_Aim of the task:_
In the listing below, find the line containing "Spanish Synthetic Turf Available 35mm" and the line containing "Brunnen am Hasenberg", then copy exactly everything from the first through the second, except the pictures.

_Extracted entries:_
┄┄┄┄┄┄┄┄┄┄┄┄┄┄┄┄┄┄┄┄
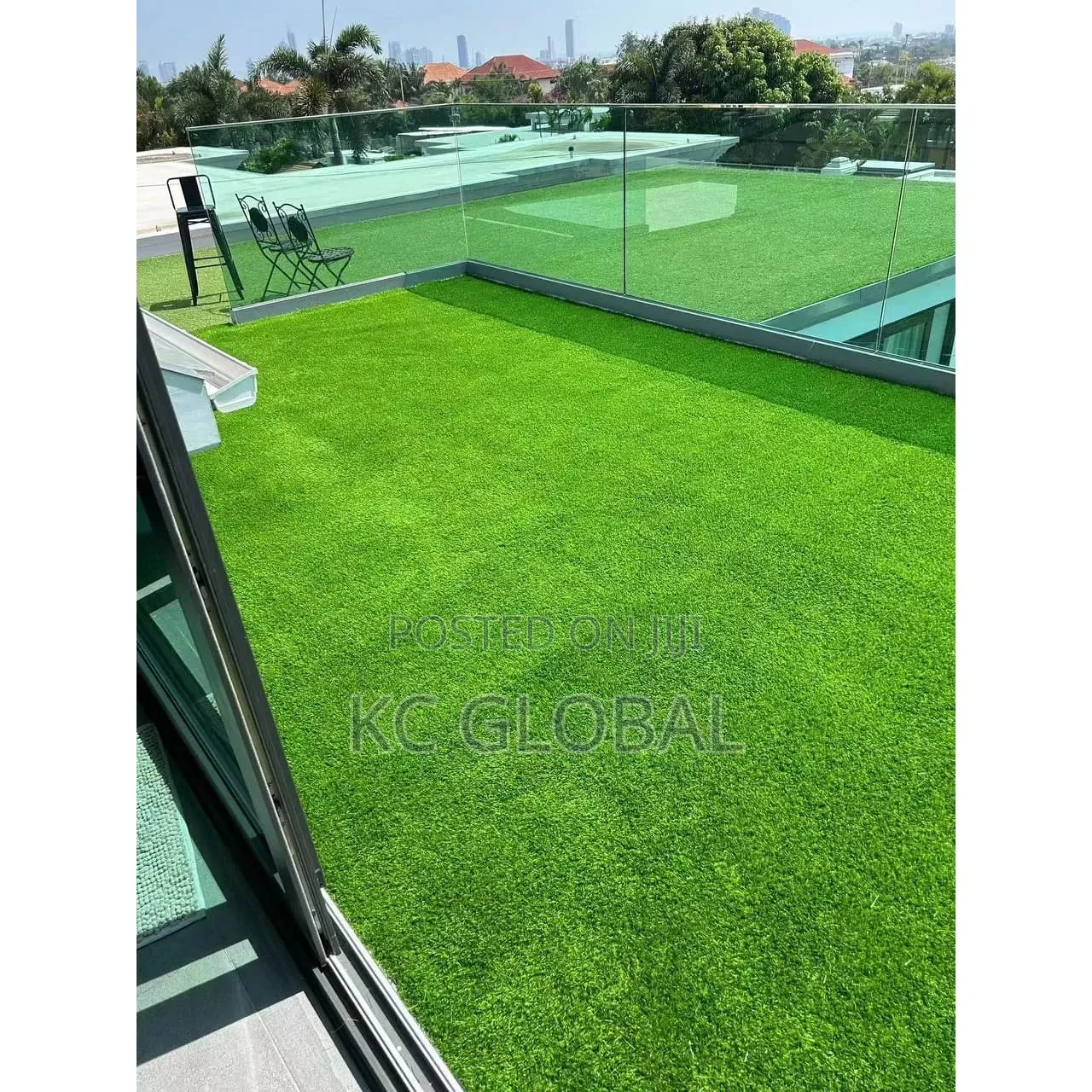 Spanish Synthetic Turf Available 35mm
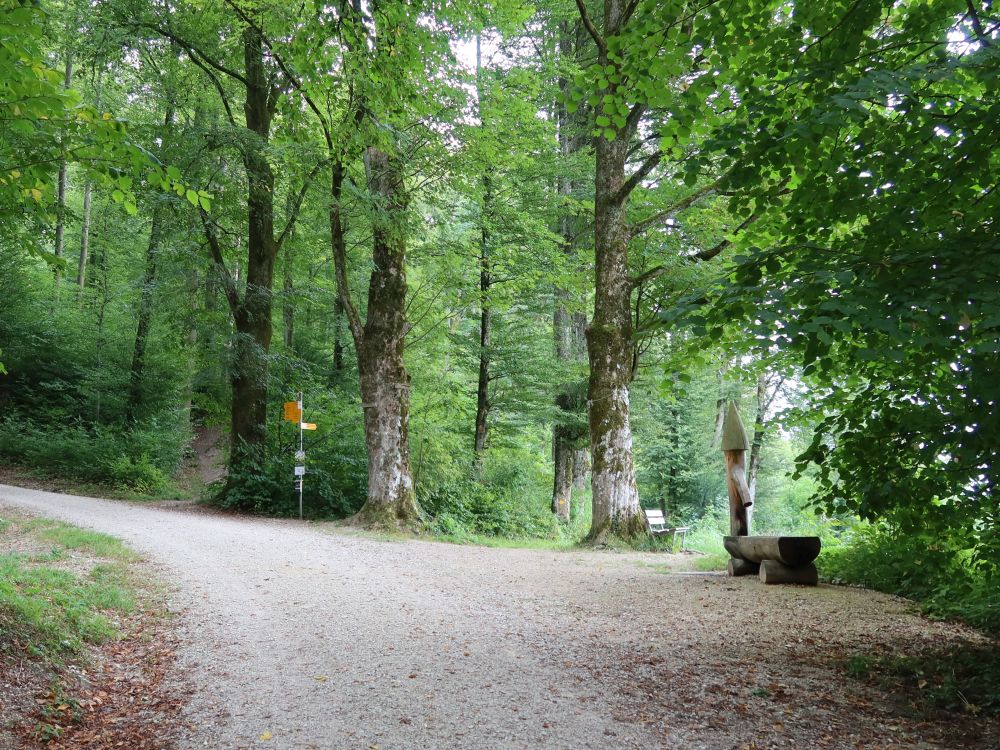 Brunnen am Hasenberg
┄┄┄┄┄┄┄┄┄┄┄┄┄┄┄┄┄┄┄┄
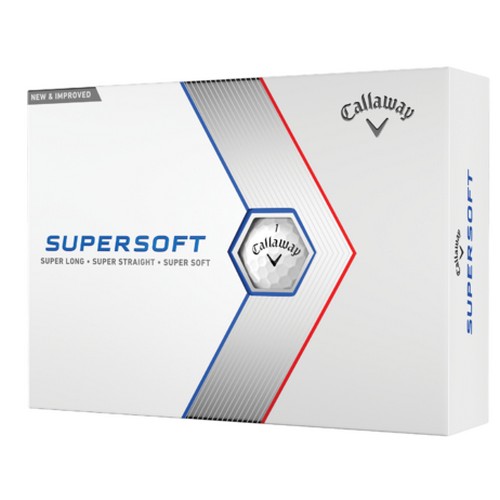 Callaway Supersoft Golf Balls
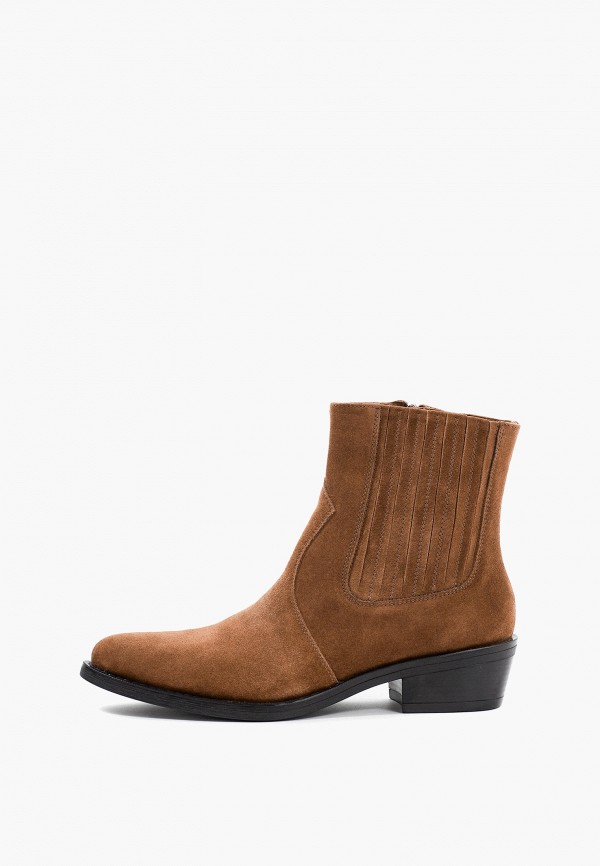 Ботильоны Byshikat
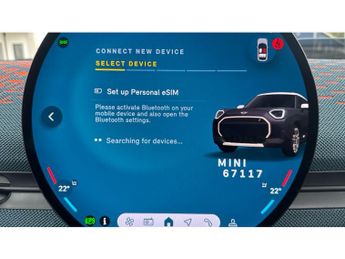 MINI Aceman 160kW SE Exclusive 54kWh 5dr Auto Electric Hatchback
┄┄┄┄┄┄┄┄┄┄┄┄┄┄┄┄┄┄┄┄
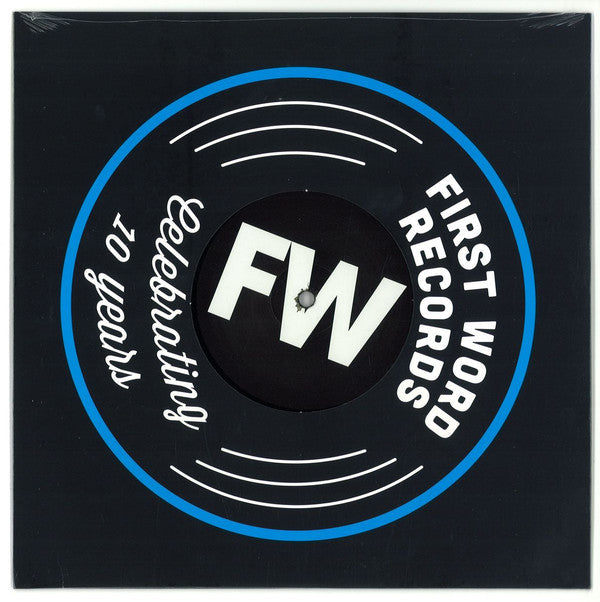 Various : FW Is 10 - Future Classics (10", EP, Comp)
┄┄┄┄┄┄┄┄┄┄┄┄┄┄┄┄┄┄┄┄
_Result:_
 Spanish Synthetic Turf Available 35mm
 Brunnen am Hasenberg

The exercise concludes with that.